All these backups go to a 350GB Raid-5 array and the directory structure is
like this:
./storage/clientA/clientA.0001
./storage/clientB/clientB.0001
etc
I`m having absolutely NO problems whatsoever with all jobs concurrently
writing to the raid device.
I was backing up to
/mirror/bacula
That locks up within about 10 seconds of four jobs running concurrently.

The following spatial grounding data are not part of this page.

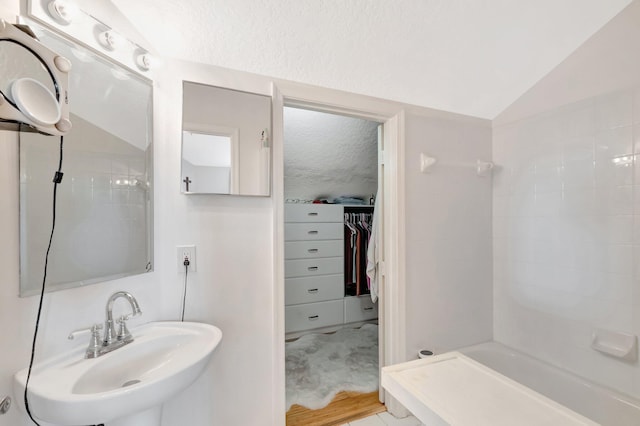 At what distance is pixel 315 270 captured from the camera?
3107mm

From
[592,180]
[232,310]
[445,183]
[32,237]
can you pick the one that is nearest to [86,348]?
[32,237]

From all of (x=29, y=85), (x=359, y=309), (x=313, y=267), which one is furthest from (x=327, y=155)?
(x=29, y=85)

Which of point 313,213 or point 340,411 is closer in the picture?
point 340,411

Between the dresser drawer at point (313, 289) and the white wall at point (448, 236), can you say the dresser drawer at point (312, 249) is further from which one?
the white wall at point (448, 236)

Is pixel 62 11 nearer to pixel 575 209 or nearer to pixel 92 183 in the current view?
pixel 92 183

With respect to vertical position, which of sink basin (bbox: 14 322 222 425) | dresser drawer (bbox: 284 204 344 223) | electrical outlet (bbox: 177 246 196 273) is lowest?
sink basin (bbox: 14 322 222 425)

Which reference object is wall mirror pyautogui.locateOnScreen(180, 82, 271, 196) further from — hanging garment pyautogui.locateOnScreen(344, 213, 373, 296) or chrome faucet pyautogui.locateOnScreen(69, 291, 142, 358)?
hanging garment pyautogui.locateOnScreen(344, 213, 373, 296)

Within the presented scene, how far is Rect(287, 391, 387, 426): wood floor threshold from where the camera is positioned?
1.70m

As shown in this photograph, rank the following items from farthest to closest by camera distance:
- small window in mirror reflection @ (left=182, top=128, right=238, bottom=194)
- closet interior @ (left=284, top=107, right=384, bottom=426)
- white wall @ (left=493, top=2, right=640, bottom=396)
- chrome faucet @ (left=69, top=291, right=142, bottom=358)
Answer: closet interior @ (left=284, top=107, right=384, bottom=426)
white wall @ (left=493, top=2, right=640, bottom=396)
small window in mirror reflection @ (left=182, top=128, right=238, bottom=194)
chrome faucet @ (left=69, top=291, right=142, bottom=358)

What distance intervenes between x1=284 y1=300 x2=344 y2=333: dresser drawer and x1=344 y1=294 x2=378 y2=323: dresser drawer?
0.07m

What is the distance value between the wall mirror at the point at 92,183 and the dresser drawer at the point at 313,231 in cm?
181

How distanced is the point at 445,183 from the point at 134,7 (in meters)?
2.01

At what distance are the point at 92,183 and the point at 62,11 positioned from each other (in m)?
0.61

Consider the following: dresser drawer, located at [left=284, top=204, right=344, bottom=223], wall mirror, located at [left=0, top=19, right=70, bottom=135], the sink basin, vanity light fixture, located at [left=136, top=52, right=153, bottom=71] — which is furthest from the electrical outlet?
dresser drawer, located at [left=284, top=204, right=344, bottom=223] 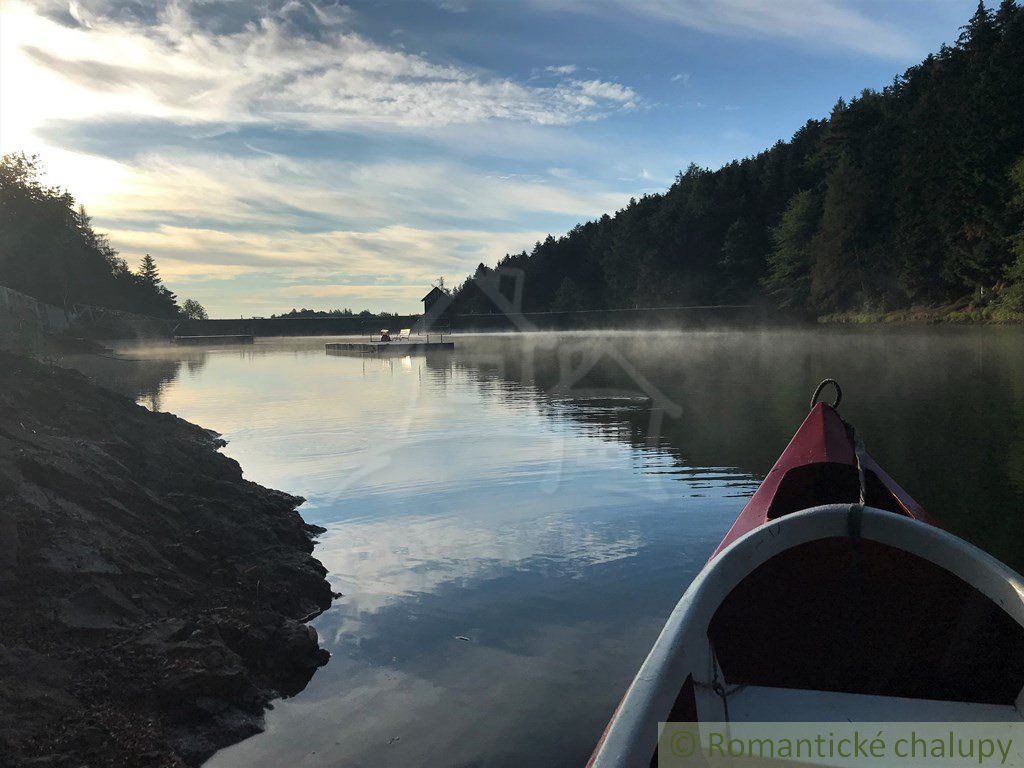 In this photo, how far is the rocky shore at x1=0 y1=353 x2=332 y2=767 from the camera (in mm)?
4578

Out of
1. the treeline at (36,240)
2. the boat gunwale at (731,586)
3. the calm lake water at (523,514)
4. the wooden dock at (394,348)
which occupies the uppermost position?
the treeline at (36,240)

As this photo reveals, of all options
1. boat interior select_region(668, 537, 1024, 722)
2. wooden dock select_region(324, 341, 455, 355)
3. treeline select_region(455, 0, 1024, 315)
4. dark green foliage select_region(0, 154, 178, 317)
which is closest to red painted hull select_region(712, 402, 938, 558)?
boat interior select_region(668, 537, 1024, 722)

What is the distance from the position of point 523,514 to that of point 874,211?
89.1 m

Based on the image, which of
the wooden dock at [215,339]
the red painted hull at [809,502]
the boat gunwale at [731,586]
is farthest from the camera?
the wooden dock at [215,339]

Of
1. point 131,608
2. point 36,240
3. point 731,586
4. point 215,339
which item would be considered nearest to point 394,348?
point 36,240

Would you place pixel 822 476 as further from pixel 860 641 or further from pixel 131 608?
pixel 131 608

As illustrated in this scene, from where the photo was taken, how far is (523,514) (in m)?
11.1

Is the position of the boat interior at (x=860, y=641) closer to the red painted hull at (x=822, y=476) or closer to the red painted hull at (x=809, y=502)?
the red painted hull at (x=809, y=502)

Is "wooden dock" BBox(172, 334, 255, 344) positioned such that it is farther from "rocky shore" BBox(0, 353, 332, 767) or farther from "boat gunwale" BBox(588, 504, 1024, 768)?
"boat gunwale" BBox(588, 504, 1024, 768)

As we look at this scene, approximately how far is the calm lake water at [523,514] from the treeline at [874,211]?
45.1m

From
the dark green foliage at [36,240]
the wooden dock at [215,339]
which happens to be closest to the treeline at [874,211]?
the wooden dock at [215,339]

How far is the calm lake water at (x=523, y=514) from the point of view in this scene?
5.61 meters

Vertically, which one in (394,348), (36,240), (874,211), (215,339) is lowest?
(394,348)

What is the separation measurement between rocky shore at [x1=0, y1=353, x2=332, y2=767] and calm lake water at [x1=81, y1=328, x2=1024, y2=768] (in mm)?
385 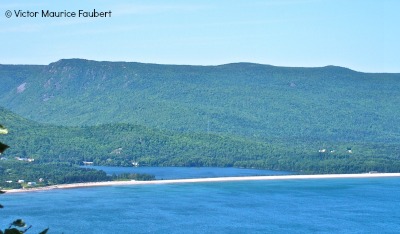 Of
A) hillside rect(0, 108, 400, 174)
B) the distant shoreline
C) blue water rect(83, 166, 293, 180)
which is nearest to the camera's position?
the distant shoreline

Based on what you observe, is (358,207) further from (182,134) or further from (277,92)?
(277,92)

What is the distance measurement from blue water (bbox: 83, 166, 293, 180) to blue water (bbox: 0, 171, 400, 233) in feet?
18.9

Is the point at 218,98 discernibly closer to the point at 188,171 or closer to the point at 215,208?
the point at 188,171

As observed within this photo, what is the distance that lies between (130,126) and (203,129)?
15.7 metres

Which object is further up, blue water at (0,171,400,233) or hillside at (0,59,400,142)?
hillside at (0,59,400,142)

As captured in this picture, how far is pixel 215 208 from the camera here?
161 ft

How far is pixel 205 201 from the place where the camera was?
5253 centimetres

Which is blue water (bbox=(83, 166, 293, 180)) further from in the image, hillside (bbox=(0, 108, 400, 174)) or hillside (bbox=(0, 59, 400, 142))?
hillside (bbox=(0, 59, 400, 142))

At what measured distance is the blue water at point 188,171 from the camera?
7050 centimetres

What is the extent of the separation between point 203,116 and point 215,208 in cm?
6004

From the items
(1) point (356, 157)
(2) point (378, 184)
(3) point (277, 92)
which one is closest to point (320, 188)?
(2) point (378, 184)

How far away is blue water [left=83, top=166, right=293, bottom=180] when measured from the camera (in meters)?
70.5

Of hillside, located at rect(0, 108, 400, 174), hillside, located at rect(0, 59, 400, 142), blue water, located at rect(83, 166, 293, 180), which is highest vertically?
hillside, located at rect(0, 59, 400, 142)

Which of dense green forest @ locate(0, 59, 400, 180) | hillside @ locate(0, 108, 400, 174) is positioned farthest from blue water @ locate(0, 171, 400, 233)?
dense green forest @ locate(0, 59, 400, 180)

I reconfigured it to back up to
/mirror/bacula/client1
/mirror/bacula/client2
etc...
It takes several minutes to lock up the machine that way, but it still
freezes.
Maybe the problem is somewhere else ?
Maybe. Are you doing software raid or hardware raid? I was using
hardware raid in 1.36.2 when I didn't have problems. Now I'm using
FreeBSD's gmirror as software raid. I really doubt it matters, but
perhaps the internal locking is handled differently enough to be a
problem.
I'll post the configuration that produces the lockup, in case anyone
wants to check it for mistakes. Here's bacula-dir.conf and
bacula-sd.conf.
Everything is bacula version 1.38.1, even the file daemons on the windows
machines.
"border" is running FreeBSD 6, and got the same problems with FreeBSD 5.4.
I'm using the 4BSD scheduler.
/mirror is a gmirror.
This produces a hard freeze on "border" just a few seconds after multiple
jobs start accessing the storage daemon at the same time. Making the
changes in the storage daemon to have each "Device" point to a different
subdirectory delays the freeze by several minutes. Changing the
configuration to only have one "Storage" defined or cutting back "Maximum
Concurrent Jobs" on the director to 1 avoids the freeze.
bacula-dir.conf
--------------------------------------------------------------
Director { # define myself
Name = border-dir
DIRport = 9101 # where we listen for UA connections
QueryFile = "/usr/local/share/bacula/query.sql"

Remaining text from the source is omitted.